I held it in for more than 35%, the things that were mildly annoying finally got exasperating.
The Good:
There is a certain restraint in the author's style that I've found in few other entries in the subgenre. The MC is not in an OP race, doesn't get a load of incredible abilities and the automatic adulation of whoever he meets. That was appreciated. It makes for a more balanced story.
In the same vein, the author takes pain to avoid crassly manichean world-building. It doesn't always work, but the effort is appreciated.
The Less Good:
The world-building was a bit too light for me.
I was especially confused with this insistence on "diversity" that was never contextualized. It's fantasy so it's fine, I guess. Yeah, well, things like that... bother me. Ethnic diversity always has trauma behind it, one way or another. It never just is. In our world, it is the consequence of deportation, or mass immigration. Very tangible reasons. So when I see it in made-up worlds, I expect it to be explained or contextualized, eventually. I expect it to matter.
It may be that the reader is expected to be acquainted with the world, but I am not.
The MC is very lucky. The world offers solutions to every issue he has. Communication, job... It all gets solved at once. No struggle. Lots of talking about struggling, but no actual struggle.
The Bad:
The neverending inner monologue.
The MC is constantly pontificating about one thing or another, permanently lecturing, comparing cultures, highlighting and distributing morality points.
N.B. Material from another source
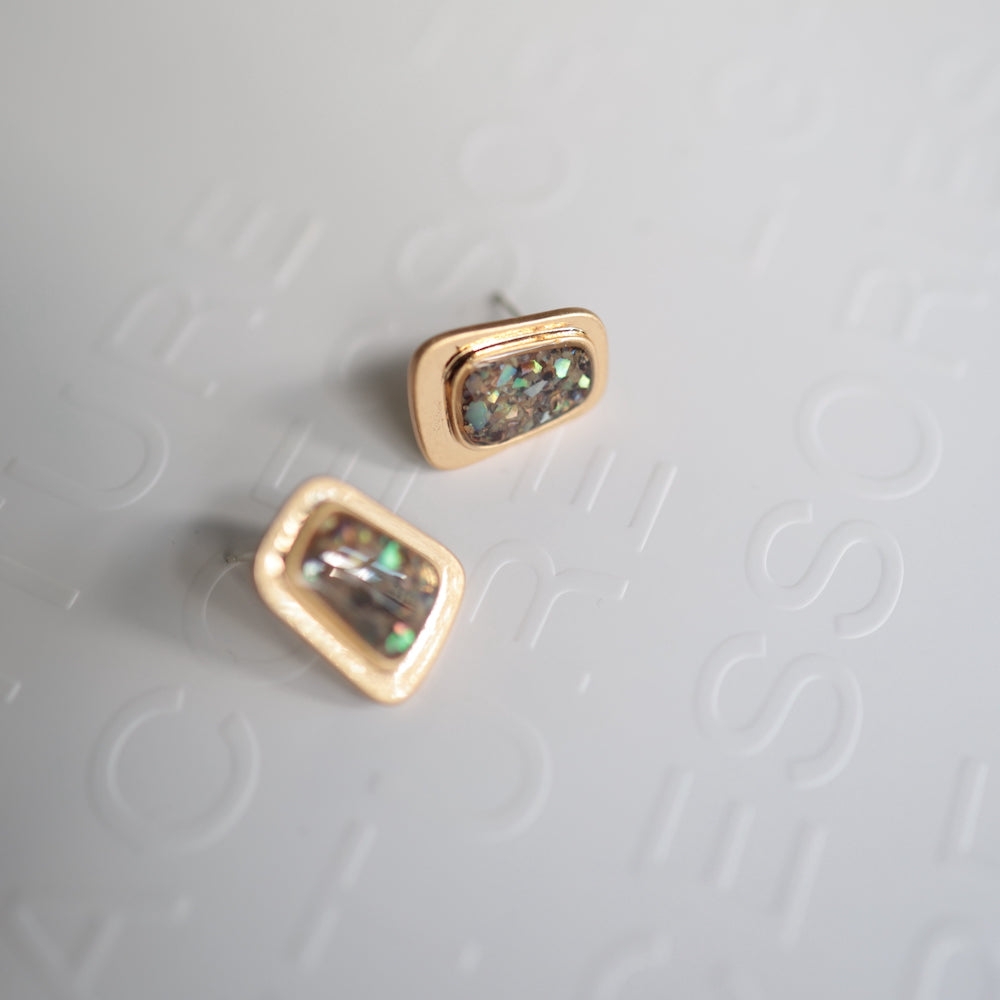 P178  antique style square shell pierce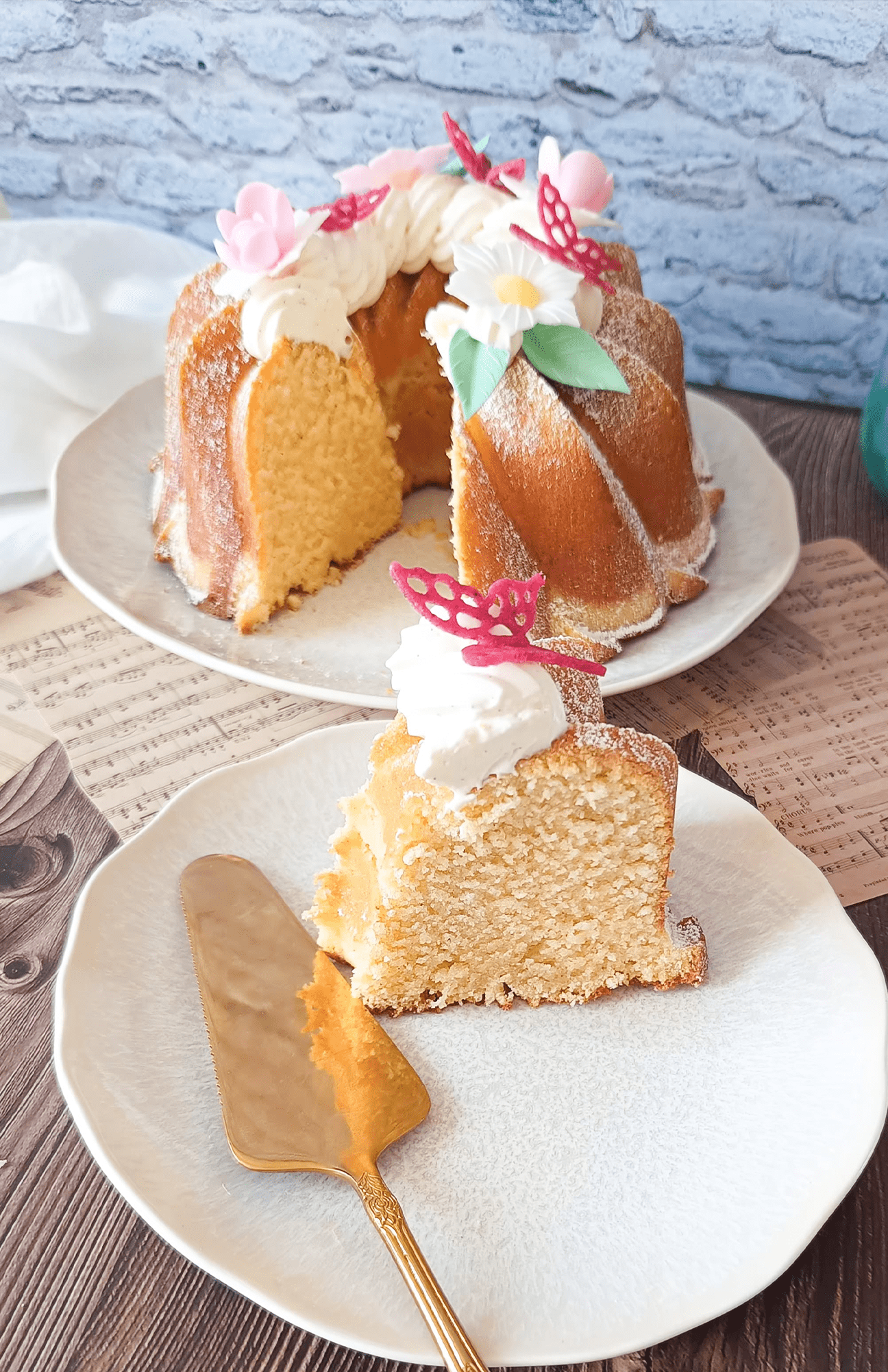 Découpe du gâteau bundt à la vanille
It got on my nerves. Especially since a lot of the observations were very biased. I will conceded that the MC is speaking from his own point of view, but he tends to present his experience as a cultural assertions, which felt very conceited and self-aggrandizing. That's what killed this book for me.
The Conclusion
I couldn't connect with the book on any level. I could not build rapport with neither the MC nor the world. So I cut my losses.